Integrated Computer Solutions, Inc.

General Description of the Flocking Algorithm

The implemented flocking algorithm simulates the behavior of a school, or flock, of fish. The algorithm contains four basic behaviors:

  • Cohesion: Fish search for their neighbors in a radius defined as the Radius of Cohesion. The current positions of all neighbors are summed. The result is divided by the number of neighbors. Thus, the center of mass of the neighbors is obtained. This is the point to which the fish strive for cohesion. To determine the direction of movement of the fish, the current position of the fish is subtracted from the result obtained earlier, and then the resulting vector is normalized.
  • Separation: Fish search for their neighbors in a radius defined as the Separation Radius. To calculate the motion vector of an individual fish in a specific separation direction from a school, the difference in the positions of the neighbors and its own position is summed. The result is divided by the number of neighbors and then normalized and multiplied by -1 to change the initial direction of the fish to swim in the opposite direction of the neighbors.
  • Alignment: Fish search for their neighbors in a radius defined as the Radius of Alignment. The current speeds of all neighbors are summed, then divided by the number of neighbors. The resulting vector is normalized.
  • Reversal: All of the fish can only swim in a given space, the boundaries of which can be specified. The moment a fish crosses a boundary must be identified. If a fish hits a boundary, then the direction of the fish is changed to the opposite vector (thereby keeping the fish within the defined space).

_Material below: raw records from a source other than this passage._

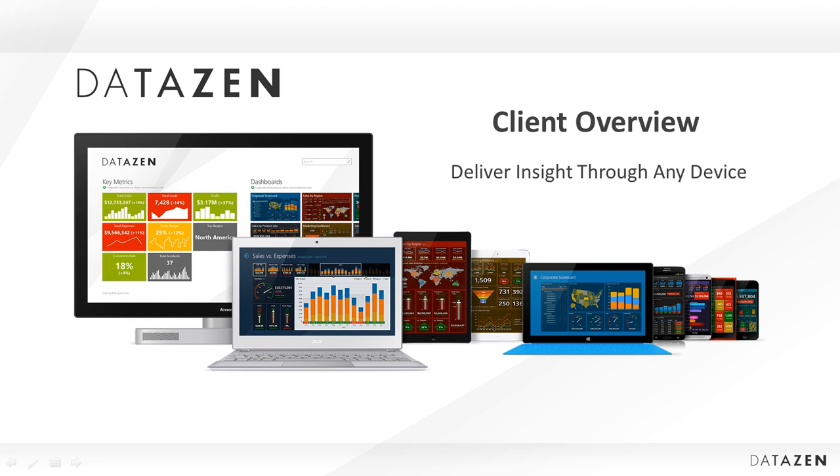This video is an overview of the Datazn client, its capabilities and use. Datazn is a product that provides an intuitive, easy-to-use interface to the Microsoft BI stack.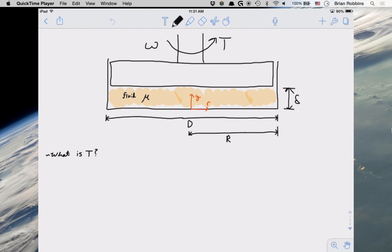Hello everyone. Today we're going to be going over an example problem that pertains to shear stress, the viscous shear force, and torque.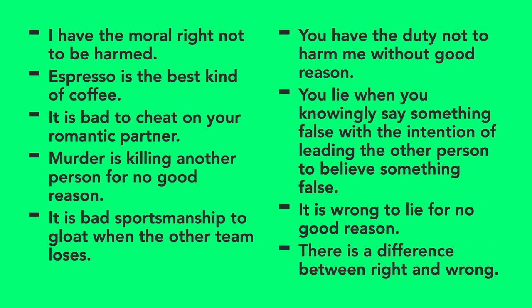That means that they are true or false regardless of what anybody believes. In other words, if they are true, they are true not in virtue of belief, but because they're true for some other reason.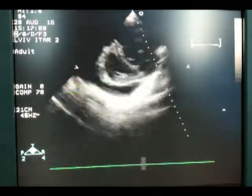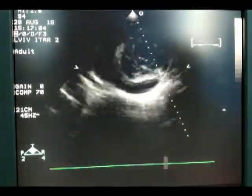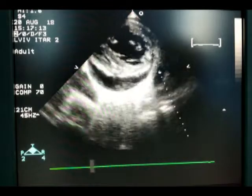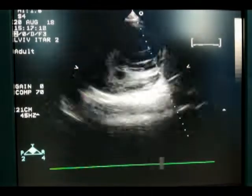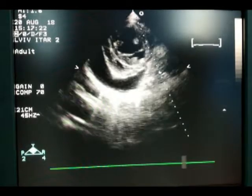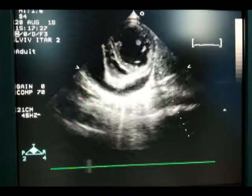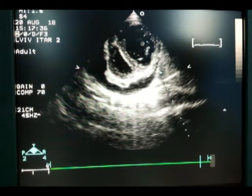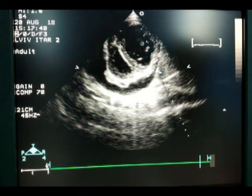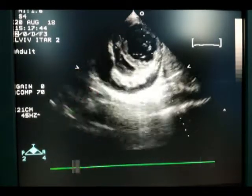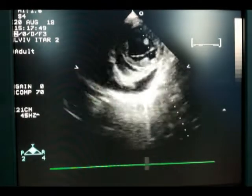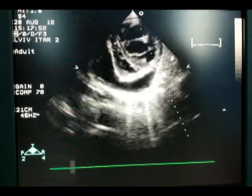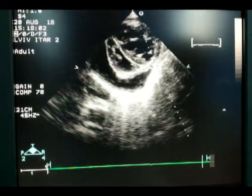Now we obtain the short axis view. Please note that the heart anatomy is significantly deformed. The left ventricular cavity is very small and the right ventricular cavity is very large. Look at the shape of the left ventricle and interventricular septum — the interventricular septum is flattened, which is an indication of very high pressure in the right ventricle. The interventricular septum also participates in the systole of the right ventricle. Take note of the fluid around the heart.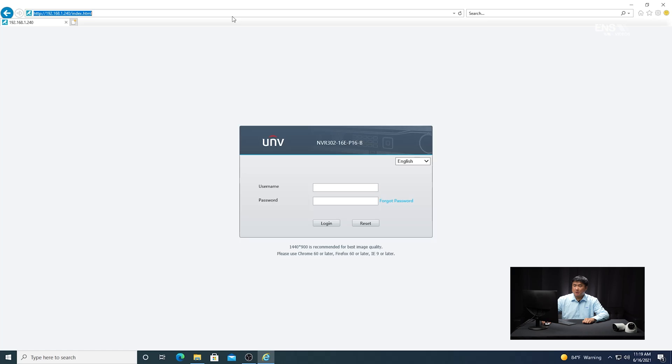The first thing I'm going to do is open up Internet Explorer. Make sure that your ActiveX settings are enabled so you can utilize the full features of the browser. You want to type in the IP address of the recorder itself — in this example, 192.168.1.240 — and you'll see the login page after that.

These four basic principles of behavior for each fish in a school are combined to calculate the total position values, speed, and acceleration of each fish. In the proposed algorithm, the concept of weight coefficients was introduced to increase or decrease the influence of each of these three modes of behavior (cohesion, separation, and alignment). The weight coefficient was not applied to the behavior of reversal, because fish were not permitted to swim outside of the defined boundaries. For this reason, reversal had the highest priority. Also, the algorithm provided for maximum speed and acceleration.

According to the algorithm described above, the parameters of each fish were calculated (position, velocity, and acceleration). These parameters were calculated for each frame.

Source Code of the Flocking Algorithm with Comments

To calculate the state of fish in a school, double buffering is used. Fish states are stored in an array of size N x 2, where N is the number of fish, and 2 is the number of copies of states.

The algorithm is implemented using two nested loops. In the internal nested loop, the direction vectors are calculated for the three types of behavior (cohesion, separation, and alignment). In the external nested loop, the final calculation of the new state of the fish is made based on calculations in the internal nested loop. These calculations are also based on the values ​​of the weight coefficients of each type of behavior and the maximum values ​​of speed and acceleration.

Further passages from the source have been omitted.